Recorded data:
*** Block opens ***
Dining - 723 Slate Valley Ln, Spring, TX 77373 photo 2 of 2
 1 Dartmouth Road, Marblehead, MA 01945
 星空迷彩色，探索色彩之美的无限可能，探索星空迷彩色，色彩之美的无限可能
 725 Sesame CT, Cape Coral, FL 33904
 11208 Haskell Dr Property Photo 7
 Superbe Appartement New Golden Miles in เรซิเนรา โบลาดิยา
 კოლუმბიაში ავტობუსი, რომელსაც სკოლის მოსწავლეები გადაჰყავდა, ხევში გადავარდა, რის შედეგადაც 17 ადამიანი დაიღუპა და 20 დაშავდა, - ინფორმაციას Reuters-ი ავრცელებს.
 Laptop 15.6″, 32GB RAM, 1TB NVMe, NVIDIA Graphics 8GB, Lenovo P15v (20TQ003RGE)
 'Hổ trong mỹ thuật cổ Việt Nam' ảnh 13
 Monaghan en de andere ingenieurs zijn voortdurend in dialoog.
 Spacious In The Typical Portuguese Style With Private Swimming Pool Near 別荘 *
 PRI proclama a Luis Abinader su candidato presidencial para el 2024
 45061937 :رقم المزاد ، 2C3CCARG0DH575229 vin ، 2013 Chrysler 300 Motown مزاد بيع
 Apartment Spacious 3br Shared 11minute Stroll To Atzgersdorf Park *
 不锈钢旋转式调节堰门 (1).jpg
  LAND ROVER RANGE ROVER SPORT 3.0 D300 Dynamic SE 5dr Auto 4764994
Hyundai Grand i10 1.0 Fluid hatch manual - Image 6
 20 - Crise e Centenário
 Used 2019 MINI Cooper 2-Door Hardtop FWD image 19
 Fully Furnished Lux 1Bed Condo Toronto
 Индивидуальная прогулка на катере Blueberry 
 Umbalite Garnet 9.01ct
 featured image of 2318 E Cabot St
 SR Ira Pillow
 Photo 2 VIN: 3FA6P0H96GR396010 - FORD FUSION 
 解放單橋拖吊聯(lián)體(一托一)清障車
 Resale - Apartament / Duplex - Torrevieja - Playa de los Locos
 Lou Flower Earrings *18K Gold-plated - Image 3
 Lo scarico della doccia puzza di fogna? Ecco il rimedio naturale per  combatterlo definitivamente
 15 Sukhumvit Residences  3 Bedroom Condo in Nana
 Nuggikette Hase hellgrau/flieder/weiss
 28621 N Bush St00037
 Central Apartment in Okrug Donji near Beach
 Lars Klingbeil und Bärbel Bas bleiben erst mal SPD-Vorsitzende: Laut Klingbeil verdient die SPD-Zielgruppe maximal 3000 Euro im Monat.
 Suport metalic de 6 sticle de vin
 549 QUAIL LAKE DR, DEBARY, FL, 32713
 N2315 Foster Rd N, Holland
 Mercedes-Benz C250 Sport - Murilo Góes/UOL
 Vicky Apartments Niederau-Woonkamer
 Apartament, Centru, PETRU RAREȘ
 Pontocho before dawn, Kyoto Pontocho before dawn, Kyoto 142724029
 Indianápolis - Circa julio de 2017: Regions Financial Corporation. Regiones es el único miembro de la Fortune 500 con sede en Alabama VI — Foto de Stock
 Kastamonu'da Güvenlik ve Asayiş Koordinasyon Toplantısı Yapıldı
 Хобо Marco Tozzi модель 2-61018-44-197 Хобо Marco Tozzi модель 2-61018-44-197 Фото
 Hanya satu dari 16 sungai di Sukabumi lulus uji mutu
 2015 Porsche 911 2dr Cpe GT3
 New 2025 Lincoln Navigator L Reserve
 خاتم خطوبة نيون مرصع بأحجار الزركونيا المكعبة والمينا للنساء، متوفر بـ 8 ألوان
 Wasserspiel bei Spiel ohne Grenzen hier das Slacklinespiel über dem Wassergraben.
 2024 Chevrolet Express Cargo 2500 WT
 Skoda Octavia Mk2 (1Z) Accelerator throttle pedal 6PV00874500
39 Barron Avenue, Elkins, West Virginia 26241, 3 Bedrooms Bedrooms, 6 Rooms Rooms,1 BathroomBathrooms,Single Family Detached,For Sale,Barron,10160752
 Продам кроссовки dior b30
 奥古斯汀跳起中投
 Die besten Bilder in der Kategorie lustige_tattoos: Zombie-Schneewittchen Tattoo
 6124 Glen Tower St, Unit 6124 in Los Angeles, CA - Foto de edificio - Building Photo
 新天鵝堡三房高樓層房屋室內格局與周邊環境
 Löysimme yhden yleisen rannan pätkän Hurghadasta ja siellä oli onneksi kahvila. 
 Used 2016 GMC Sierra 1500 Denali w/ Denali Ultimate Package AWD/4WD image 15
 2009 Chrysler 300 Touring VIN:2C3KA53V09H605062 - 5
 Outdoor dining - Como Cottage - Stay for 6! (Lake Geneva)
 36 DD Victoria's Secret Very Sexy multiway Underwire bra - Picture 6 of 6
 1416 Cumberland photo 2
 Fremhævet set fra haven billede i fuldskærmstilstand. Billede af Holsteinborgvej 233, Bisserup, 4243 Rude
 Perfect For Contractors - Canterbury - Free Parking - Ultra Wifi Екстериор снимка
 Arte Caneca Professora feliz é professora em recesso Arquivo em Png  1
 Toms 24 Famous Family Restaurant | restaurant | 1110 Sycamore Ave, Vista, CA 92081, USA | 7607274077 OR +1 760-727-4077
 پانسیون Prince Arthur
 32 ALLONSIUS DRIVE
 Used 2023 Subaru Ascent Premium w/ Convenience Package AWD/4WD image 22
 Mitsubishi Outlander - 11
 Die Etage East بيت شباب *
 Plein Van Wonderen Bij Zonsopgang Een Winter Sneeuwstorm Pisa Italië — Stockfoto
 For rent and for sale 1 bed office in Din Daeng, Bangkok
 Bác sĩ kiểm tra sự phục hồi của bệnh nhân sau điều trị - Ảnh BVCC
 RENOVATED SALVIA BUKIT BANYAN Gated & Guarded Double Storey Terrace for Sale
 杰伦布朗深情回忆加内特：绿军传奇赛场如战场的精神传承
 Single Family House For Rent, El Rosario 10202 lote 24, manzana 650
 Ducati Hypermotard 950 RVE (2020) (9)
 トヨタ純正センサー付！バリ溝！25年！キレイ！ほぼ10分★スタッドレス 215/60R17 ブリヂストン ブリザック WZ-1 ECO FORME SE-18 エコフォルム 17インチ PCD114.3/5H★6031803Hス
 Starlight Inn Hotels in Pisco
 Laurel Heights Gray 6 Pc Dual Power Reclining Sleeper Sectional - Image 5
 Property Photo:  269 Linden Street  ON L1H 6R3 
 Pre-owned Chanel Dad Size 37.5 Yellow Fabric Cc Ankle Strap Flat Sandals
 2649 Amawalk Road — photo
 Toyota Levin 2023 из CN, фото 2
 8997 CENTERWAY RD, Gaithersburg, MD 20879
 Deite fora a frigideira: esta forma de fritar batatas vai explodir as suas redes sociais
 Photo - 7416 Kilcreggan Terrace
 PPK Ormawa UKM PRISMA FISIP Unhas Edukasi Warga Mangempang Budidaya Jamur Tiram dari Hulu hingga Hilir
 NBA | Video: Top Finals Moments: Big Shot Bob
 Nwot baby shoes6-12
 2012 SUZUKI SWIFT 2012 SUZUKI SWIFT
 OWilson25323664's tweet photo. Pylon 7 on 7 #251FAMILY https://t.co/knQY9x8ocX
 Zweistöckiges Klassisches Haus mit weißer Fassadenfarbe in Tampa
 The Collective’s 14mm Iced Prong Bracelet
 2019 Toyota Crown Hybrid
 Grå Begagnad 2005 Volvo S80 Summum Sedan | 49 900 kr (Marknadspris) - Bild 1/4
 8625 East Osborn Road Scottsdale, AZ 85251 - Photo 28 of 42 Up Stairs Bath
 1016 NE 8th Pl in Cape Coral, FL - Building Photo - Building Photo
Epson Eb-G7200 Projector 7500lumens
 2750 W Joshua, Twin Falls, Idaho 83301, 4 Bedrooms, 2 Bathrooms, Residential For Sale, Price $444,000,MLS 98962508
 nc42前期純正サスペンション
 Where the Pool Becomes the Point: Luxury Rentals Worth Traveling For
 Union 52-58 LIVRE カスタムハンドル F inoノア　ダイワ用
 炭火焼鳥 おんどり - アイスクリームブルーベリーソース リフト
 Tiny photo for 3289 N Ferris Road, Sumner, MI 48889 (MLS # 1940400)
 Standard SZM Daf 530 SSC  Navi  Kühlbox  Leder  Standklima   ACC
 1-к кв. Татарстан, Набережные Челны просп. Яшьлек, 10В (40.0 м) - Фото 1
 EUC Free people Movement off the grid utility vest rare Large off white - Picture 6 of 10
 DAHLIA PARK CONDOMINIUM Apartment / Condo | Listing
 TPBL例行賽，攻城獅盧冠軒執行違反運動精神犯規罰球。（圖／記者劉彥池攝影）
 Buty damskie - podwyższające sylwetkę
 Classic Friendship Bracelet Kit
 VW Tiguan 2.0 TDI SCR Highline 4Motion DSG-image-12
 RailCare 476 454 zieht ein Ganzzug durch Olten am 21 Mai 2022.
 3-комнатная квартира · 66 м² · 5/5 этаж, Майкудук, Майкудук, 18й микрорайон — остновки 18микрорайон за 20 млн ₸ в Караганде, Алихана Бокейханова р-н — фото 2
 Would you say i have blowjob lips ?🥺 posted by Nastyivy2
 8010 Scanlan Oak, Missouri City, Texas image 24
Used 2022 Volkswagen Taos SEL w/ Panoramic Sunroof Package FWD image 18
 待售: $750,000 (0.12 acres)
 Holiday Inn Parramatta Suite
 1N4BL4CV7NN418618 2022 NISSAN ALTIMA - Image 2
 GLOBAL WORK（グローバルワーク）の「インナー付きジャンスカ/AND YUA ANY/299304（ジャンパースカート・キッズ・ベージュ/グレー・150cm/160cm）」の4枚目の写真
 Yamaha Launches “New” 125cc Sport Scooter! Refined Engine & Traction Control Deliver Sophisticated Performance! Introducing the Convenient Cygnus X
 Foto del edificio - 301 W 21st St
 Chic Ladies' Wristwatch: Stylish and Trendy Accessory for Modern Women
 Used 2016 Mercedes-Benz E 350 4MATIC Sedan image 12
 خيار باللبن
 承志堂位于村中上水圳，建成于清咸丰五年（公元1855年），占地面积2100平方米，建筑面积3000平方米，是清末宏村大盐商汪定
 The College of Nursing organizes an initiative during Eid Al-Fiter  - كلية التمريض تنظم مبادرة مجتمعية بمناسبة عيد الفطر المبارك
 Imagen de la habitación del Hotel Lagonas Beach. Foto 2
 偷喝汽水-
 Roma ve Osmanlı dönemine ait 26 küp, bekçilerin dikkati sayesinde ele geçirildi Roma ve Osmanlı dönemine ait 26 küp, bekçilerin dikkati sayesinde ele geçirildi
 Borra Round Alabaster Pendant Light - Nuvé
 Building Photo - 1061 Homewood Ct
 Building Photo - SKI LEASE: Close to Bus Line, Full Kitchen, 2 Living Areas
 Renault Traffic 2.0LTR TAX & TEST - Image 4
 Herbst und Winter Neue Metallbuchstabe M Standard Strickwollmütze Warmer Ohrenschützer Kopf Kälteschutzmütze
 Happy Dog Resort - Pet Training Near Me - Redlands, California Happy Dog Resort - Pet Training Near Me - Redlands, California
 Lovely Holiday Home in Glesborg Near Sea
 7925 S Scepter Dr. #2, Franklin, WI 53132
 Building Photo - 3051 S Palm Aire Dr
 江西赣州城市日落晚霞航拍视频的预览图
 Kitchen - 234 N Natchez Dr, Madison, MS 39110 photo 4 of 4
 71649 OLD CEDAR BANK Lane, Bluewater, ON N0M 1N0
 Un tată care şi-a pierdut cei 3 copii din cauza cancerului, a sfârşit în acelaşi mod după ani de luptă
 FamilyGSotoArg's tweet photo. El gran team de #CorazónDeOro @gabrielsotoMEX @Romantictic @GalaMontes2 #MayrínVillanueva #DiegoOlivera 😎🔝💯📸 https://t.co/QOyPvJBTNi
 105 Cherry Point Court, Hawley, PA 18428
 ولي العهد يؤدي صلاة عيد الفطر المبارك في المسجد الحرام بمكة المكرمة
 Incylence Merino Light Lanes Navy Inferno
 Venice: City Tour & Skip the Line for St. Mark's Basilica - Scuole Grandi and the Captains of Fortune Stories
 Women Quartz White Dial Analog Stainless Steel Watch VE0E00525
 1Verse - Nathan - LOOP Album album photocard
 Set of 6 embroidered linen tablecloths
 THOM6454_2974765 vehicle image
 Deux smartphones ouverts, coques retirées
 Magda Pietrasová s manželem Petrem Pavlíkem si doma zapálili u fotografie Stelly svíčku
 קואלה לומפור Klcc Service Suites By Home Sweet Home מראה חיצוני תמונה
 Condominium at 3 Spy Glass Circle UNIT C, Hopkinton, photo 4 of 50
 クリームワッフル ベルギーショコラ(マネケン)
*** Block closes ***
Lines with "Coral": state how many there are in the records, and nothing more.

• **ANSWER TO THIS PROBLEM**
2